How can I force template parameter type to be signed?

Question

I'll use the following example to illustrate my question:

template<typename T> T diff(T a, T b) {   return a-b; } 

I expect this template function works only when the type T is signed. The only solution I can figure out is to use delete keyword for all the unsigned types:

template<> unsigned char diff(unsigned char,unsigned char) == delete; template<> unsigned char diff(unsigned char,unsigned char) == delete; 

Are there other solutions?

Answer 1

You can use std::is_signed together with std::enable_if:

template<typename T> T diff(T a, T b);  template<typename T> std::enable_if_t<std::is_signed<T>::value, T> diff(T a, T b) {     return a - b; } 

Here std::is_signed<T>::value is true if and only if T is signed (BTW, it is also true for floating-point types, if you don't need it, consider combining with std::is_integral).
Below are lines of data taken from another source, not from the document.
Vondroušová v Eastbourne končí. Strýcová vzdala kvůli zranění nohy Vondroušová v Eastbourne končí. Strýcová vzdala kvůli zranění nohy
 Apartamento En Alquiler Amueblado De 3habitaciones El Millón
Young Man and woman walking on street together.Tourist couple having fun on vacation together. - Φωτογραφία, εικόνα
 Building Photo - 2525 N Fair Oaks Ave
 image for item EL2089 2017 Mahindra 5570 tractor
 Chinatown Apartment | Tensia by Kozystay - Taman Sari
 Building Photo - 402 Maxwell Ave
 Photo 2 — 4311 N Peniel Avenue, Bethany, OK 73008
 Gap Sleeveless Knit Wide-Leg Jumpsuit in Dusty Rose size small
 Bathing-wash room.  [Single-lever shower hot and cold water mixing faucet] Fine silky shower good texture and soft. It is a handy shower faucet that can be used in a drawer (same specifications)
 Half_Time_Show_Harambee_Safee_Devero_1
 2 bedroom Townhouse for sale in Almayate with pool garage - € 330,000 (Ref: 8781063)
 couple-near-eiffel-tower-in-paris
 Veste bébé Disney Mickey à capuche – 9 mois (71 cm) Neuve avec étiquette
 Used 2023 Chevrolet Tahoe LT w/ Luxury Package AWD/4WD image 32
std::enable_if_t<Test, Type> is the same as std::enable_if<Test, Type>::type. std::enable_if<Test, Type> is defined as an empty struct in case Test is false and as a struct with an only typedef type equal to template parameter Type otherwise.

So, for signed types, std::enable_if_t<std::is_signed<T>::value, T> is equal to T, while for unsigned it's not defined and compiler uses SFINAE rule, so, if you need to specify an implementation for a particular non-signed type, you can easily do that:

template<> unsigned diff(unsigned, unsigned) {     return 0u; } 

Some relevant links: enable_if, is_signed.